TASK TO COMPLETE –
Copy the lines from the start of the records below through the line containing "2026 Summer Lime&Blue - 恐龍居家套裝 (5色)", both included, and leave out the pictures.

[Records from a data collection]
Start of Block
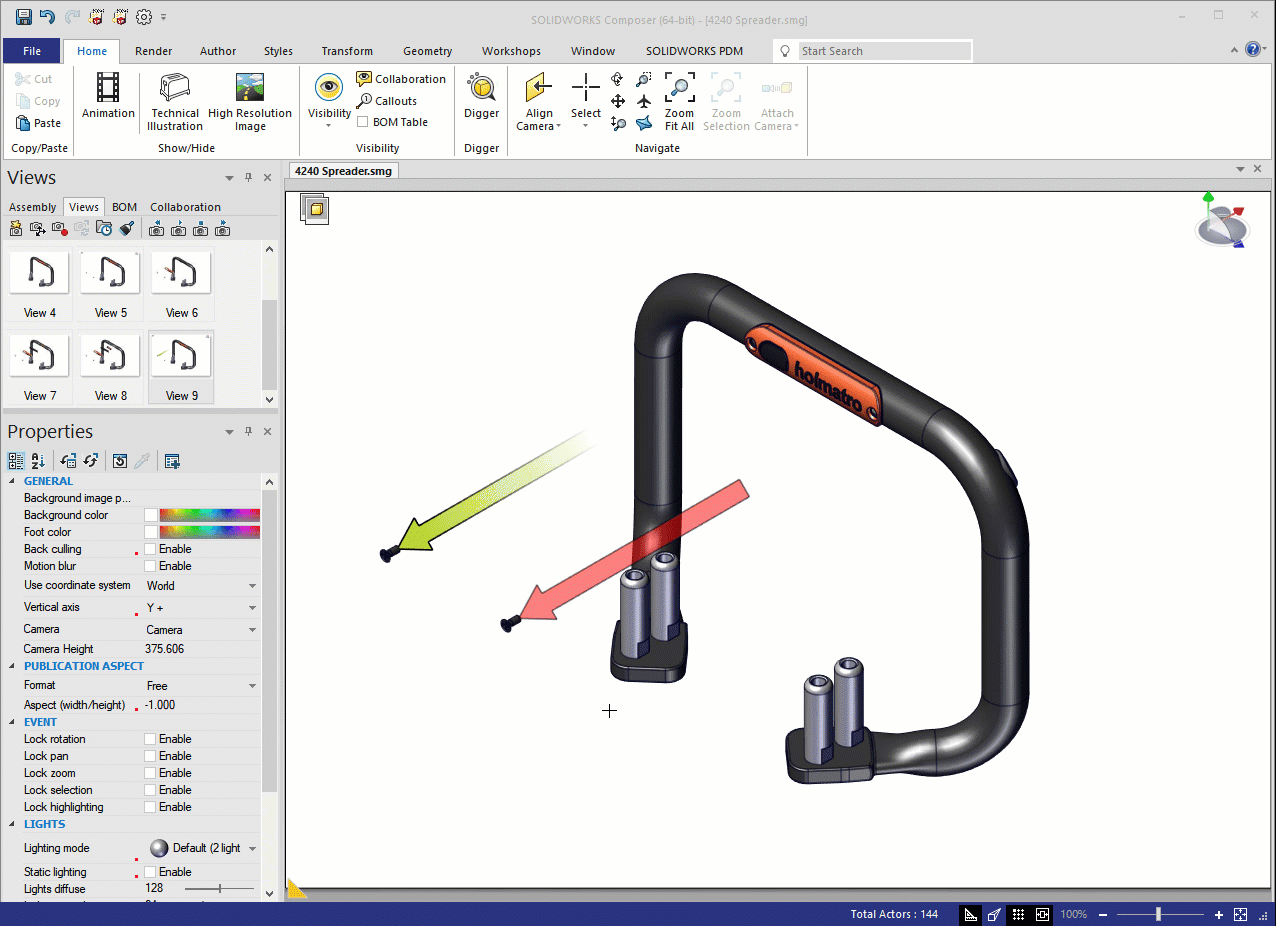 Utilisation des styles pour la standardisation dans SOLIDWORKS Composer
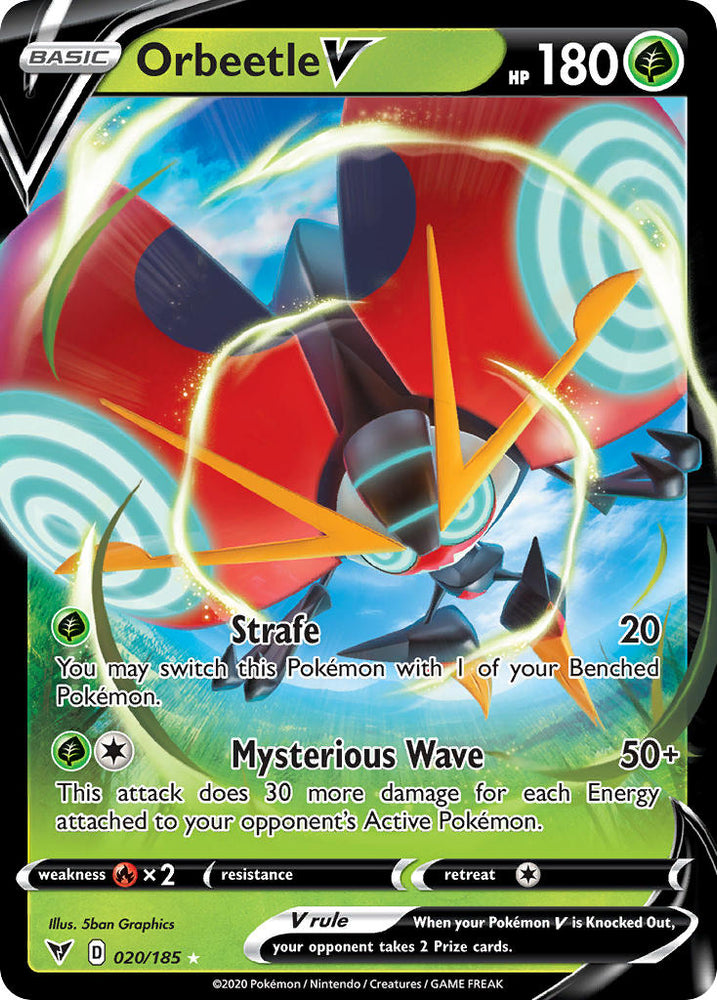 Orbeetle V (020/185) [Sword & Shield: Vivid Voltage] Pokémon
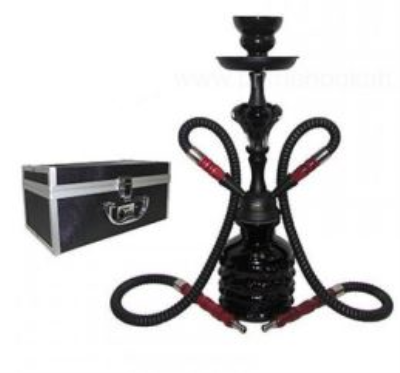 Urban Cloud55 Hookah 11" 2 Hose Black W/Trav Case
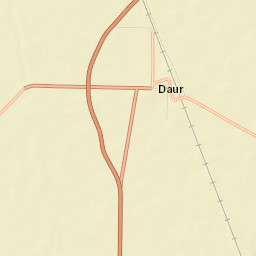 Daur Street Map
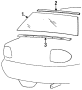 Image of Back Glass Reveal Molding (Rear, Upper) image for your 2005 Chevrolet Trailblazer EXT   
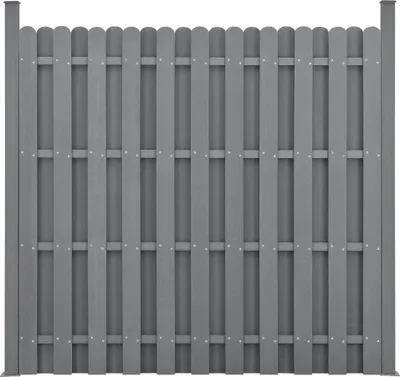 Obrázek produktu pro WPC zahradní plot Soukromí Screen Windbreak Slat Plot 376x185cm Grey [neu.holz]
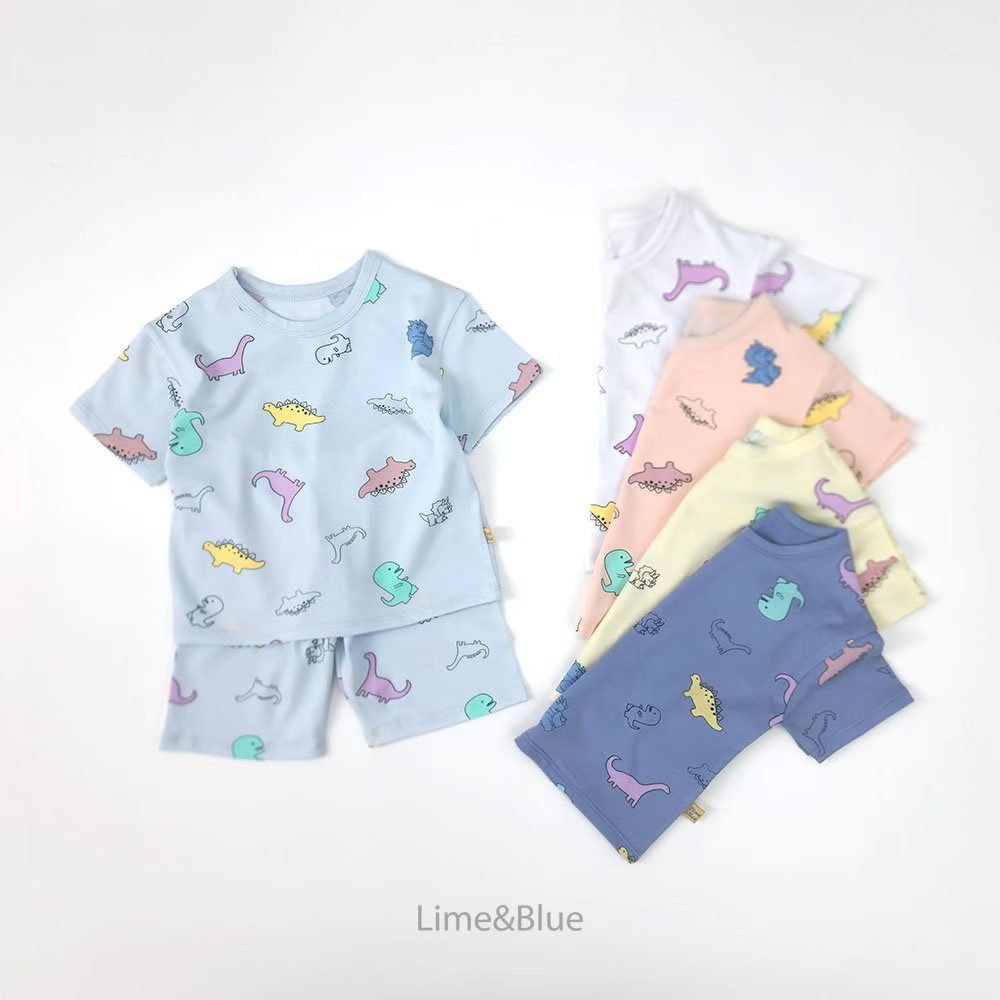 2026 Summer Lime&Blue - 恐龍居家套裝 (5色)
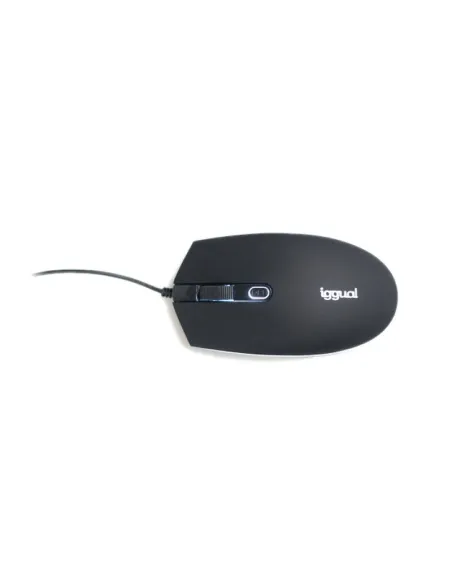 iggual IGG317624 COM-LED-1600DPI Ratón Óptico Negro
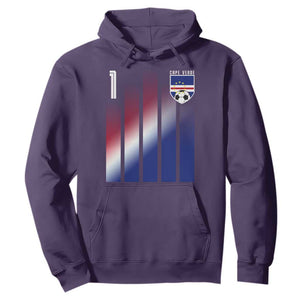 Cape Verde Flag Retro Sports Cabo Verdean Roots Hoodie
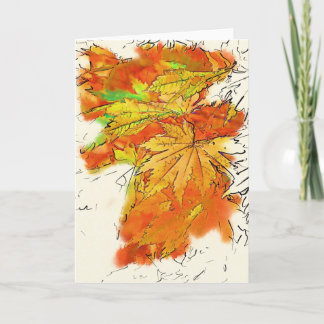 Japanese Maple Card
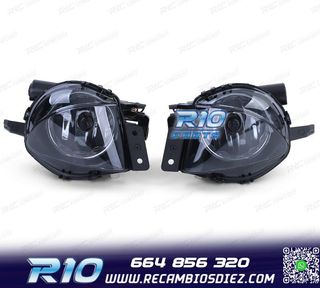 FAROS ANTINIEBLAS BMW E90 E91 05-08 NEGRO AHUMADO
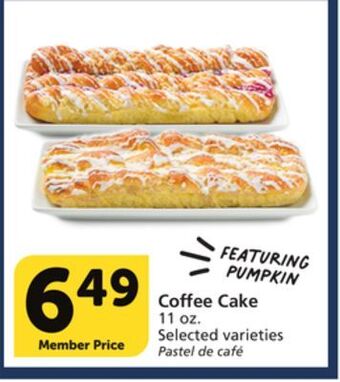 Vons Coffee cake offer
End of Block
EXERCISE RESULT –
 Utilisation des styles pour la standardisation dans SOLIDWORKS Composer
 Orbeetle V (020/185) [Sword & Shield: Vivid Voltage] Pokémon
 Urban Cloud55 Hookah 11" 2 Hose Black W/Trav Case
 Daur Street Map
 Image of Back Glass Reveal Molding (Rear, Upper) image for your 2005 Chevrolet Trailblazer EXT   
 Obrázek produktu pro WPC zahradní plot Soukromí Screen Windbreak Slat Plot 376x185cm Grey [neu.holz]
 2026 Summer Lime&Blue - 恐龍居家套裝 (5色)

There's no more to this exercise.